Reproduce exactly the lines below, starting at the line that contains "Tibi Cream Button-Up Blouse" and ending with the last line of the records, both included; leave out any pictures.

▼▼▼

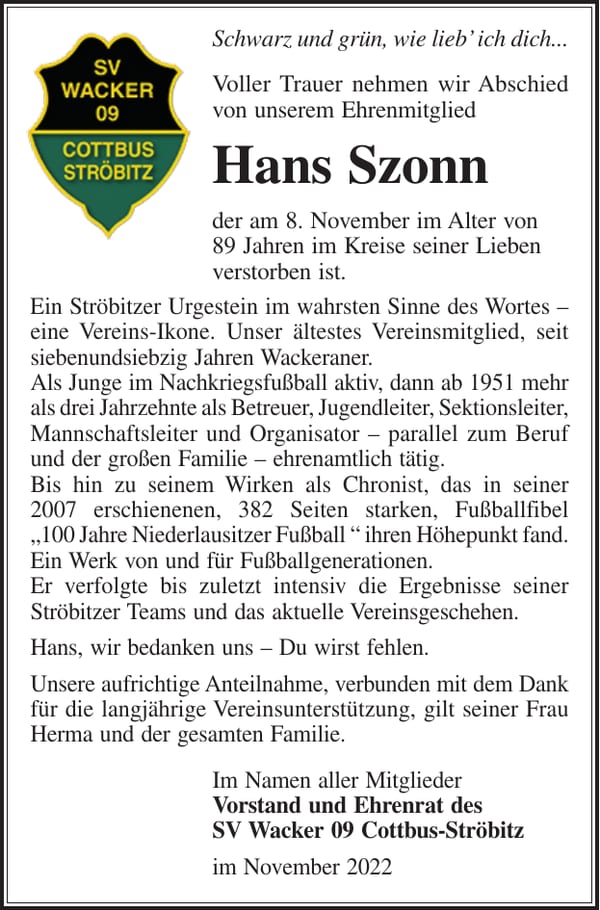 Nachruf Hans Szonn
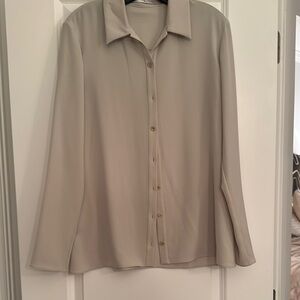 Tibi Cream Button-Up Blouse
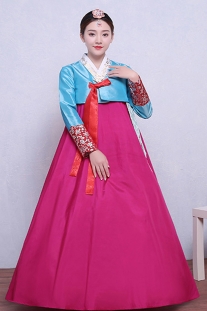 Hanbok Hàn Quốc Nơ Cam Áo Xanh Váy Hồng Tay In Họa Tiết Bạc
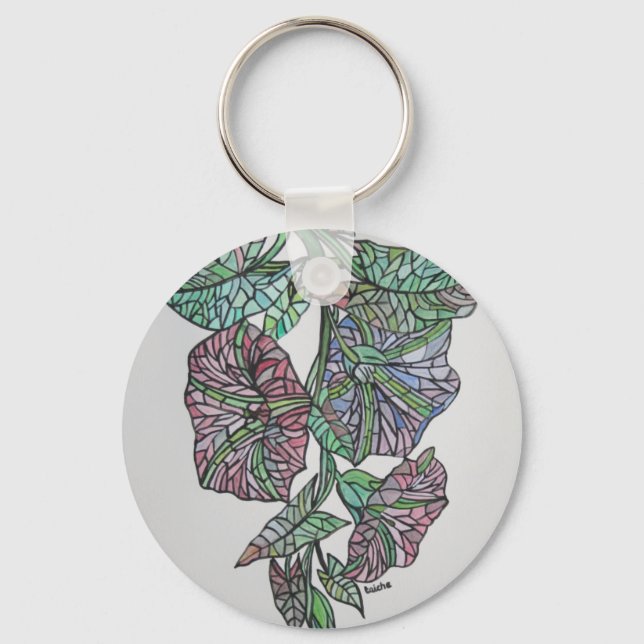 Stained Glass Effect Morning Glory September Birth Key Ring (Front)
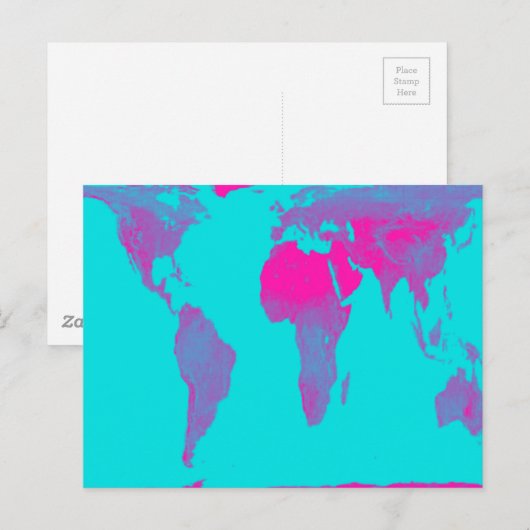 Weltkarte Postkarte (Vorne/Hinten)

▲▲▲

* _ANSWER SECTION_:
 Tibi Cream Button-Up Blouse
 Hanbok Hàn Quốc Nơ Cam Áo Xanh Váy Hồng Tay In Họa Tiết Bạc
 Stained Glass Effect Morning Glory September Birth Key Ring (Front)
 Weltkarte Postkarte (Vorne/Hinten)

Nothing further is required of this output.